Bürgel Schuldenbarometer 2014

Die Zahl der Privatinsolvenzen in Deutschland geht weiter zurück. Im Jahr 2014 mussten 115.269 Bundesbürger – Privatpersonen und ehemalige Selbstständige – eine private Insolvenz anmelden. Dieser Wert entspricht einem Rückgang um 5,3 Prozent im Vergleich zum Vorjahr.

Zu diesem Ergebnis kommt die aktuelle Studie „Schuldenbarometer 2014“ der Wirtschaftsauskunftei Bürgel. „Wir beobachten zum vierten Mal in Folge einen Rückgang bei den Privatinsolvenzen und den niedrigsten Stand seit 2005“, kommentiert Dr. Norbert Sellin die Zahlen. Der Bürgel Geschäftsführer begründet den erneuten Rückgang mit der positiven Konjunktur und der weiterhin niedrigen Arbeitslosenquote. Hintergrund: Insbesondere Arbeitslosigkeit gilt als Hauptursache für Privatinsolvenz; wenn die Beschäftigtenzahlen steigen, sinkt die Quote der Privatinsolvenzen.
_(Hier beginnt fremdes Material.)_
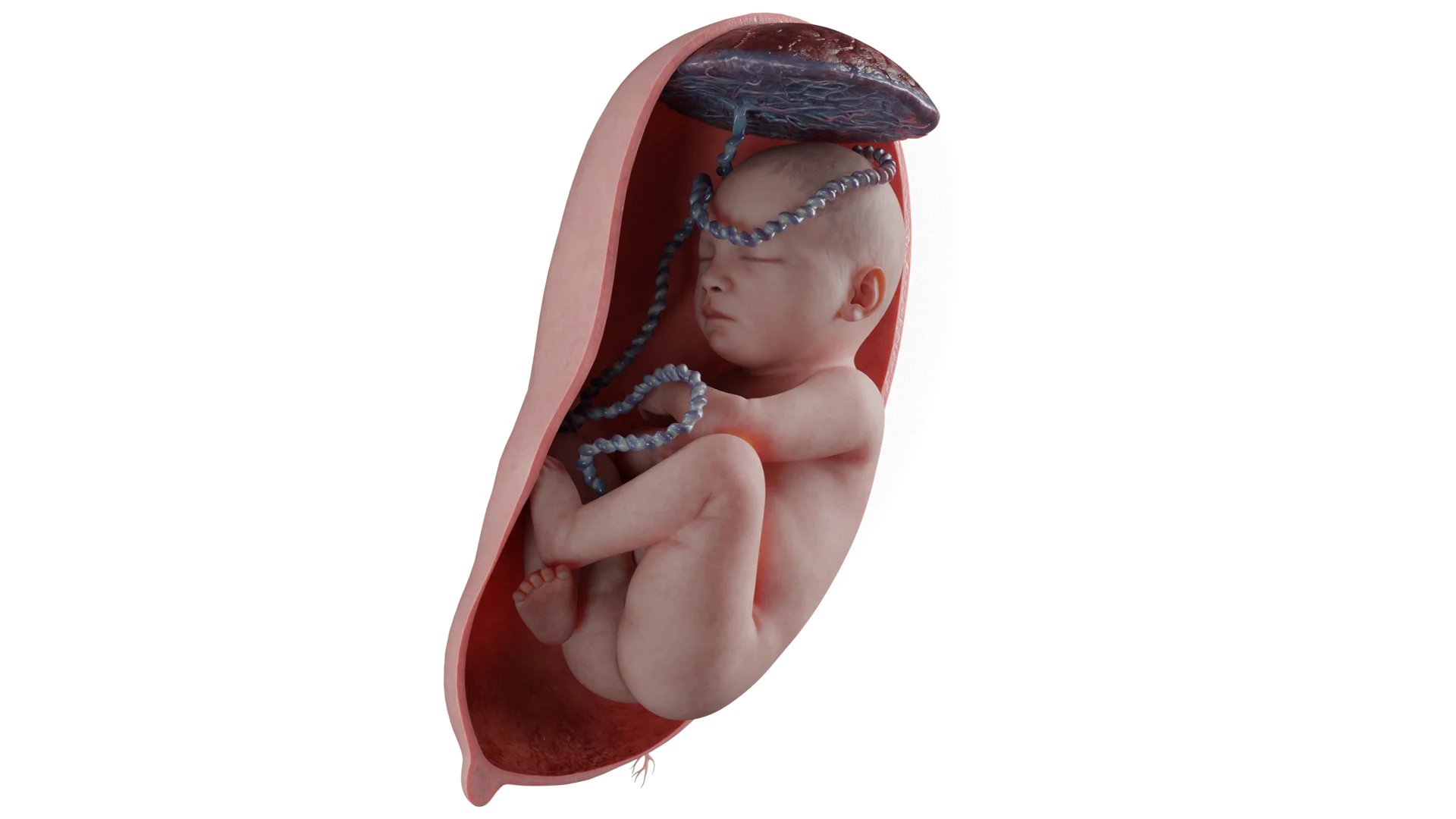 Mixed fetal presentation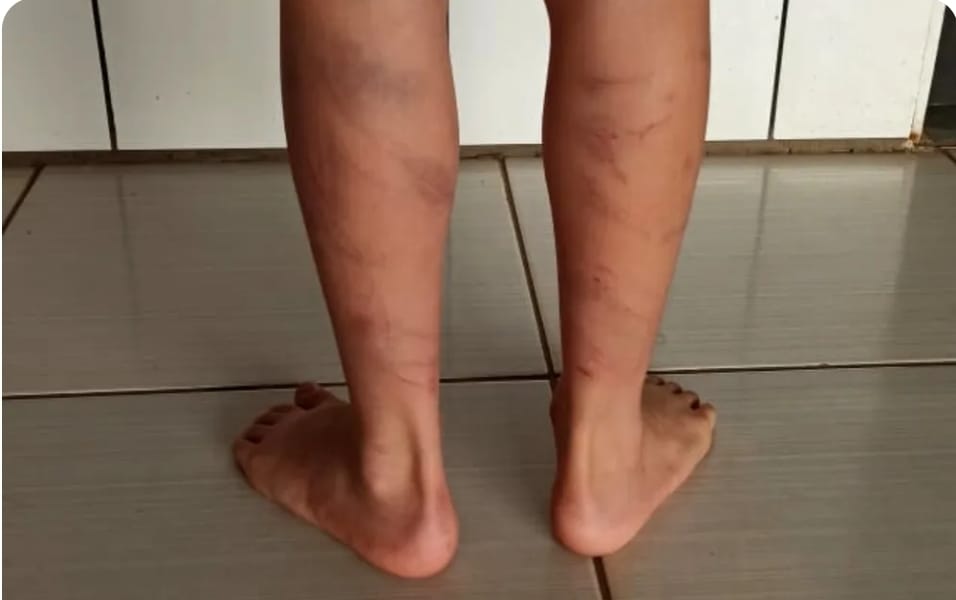 Filho é agredido pelo pai após assistir a conteúdo pornográfico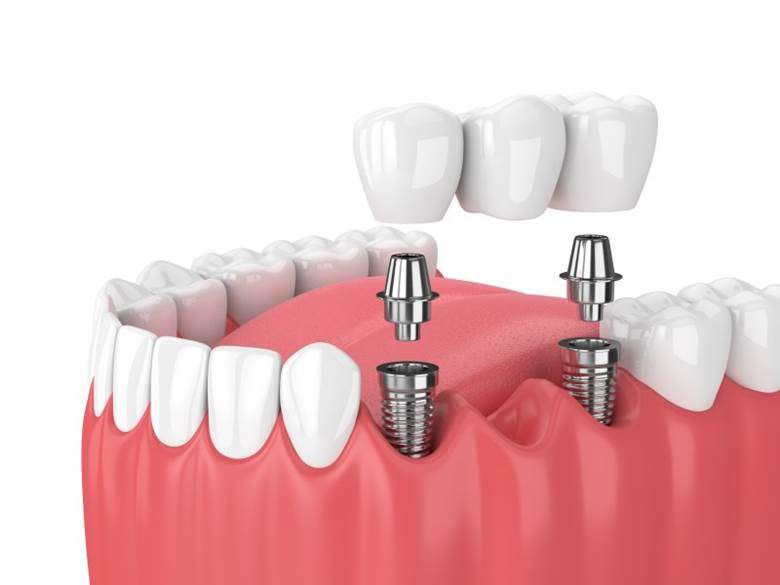 dental implant with a crown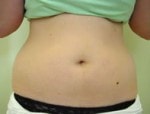 Case #3002 - Body Contouring, before photograph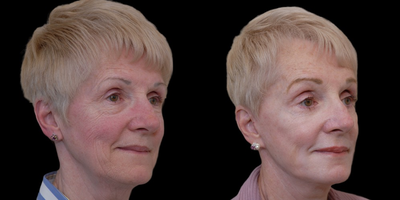 Eyelid Surgery before and after photo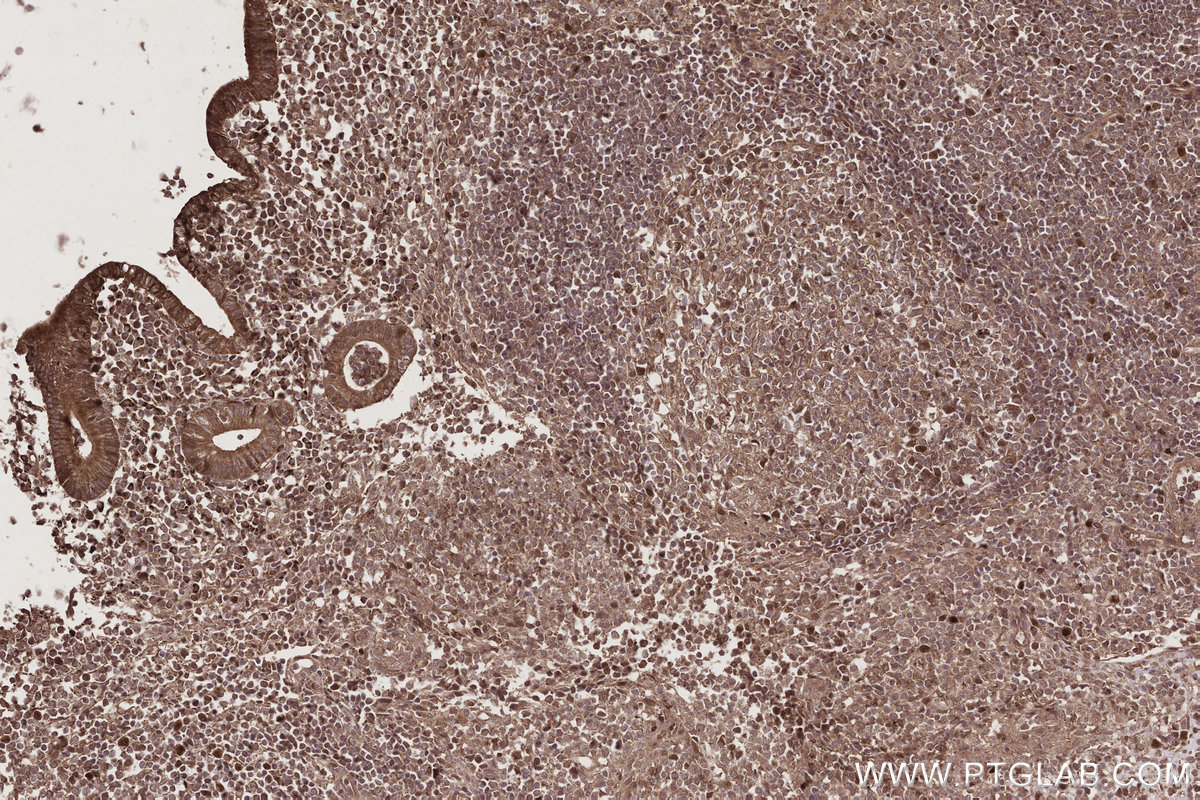 Immunohistochemical analysis of paraffin-embedded human appendicitis tissue slide using KHC2787 (CCDC99 IHC Kit).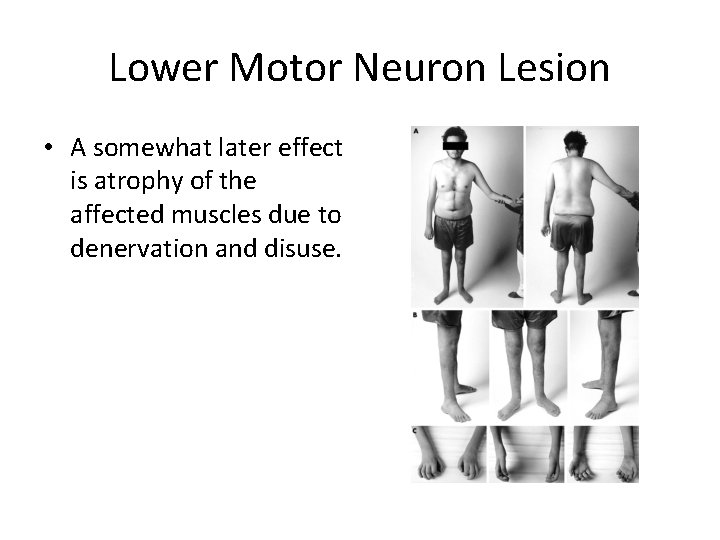 Lower Motor Neuron Lesion • A somewhat later effect is atrophy of the affected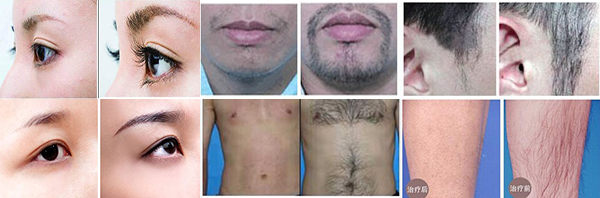 ���ݱ���Ƥ��ר��ҽԺ���������Ԥ���ѷ���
Dies war 2014 der Fall: Im vergangenen Jahr stieg die Beschäftigung auf ein Allzeithoch. Zudem stabilisierten die leicht steigenden Realeinkommen die Situation hiesiger Verbraucher. Den bundesweiten Rückgang der Privatinsolvenzen beurteilt Bürgel positiv – auch wenn eine negative Entwicklung erkennbar ist: Für die Altersgruppe „61 Jahre und älter“ sind die Aussichten getrübt. Hier kletterte die Zahl der Privatinsolvenzen im vergangenen Jahr gegenüber 2013 um 13,9 Prozent auf 10.683 Fälle. Mit anderen Worten: 9,3 Prozent aller Privatpleiten gehen mittlerweile auf das Konto dieser Altersgruppe. Der Anstieg in diesem Segment vollzieht sich 2014 zum zweiten Mal in Folge: Im Jahresvergleich 2013/2012 kletterte der Wert bei den Senioren bereits um 8,4 Prozent.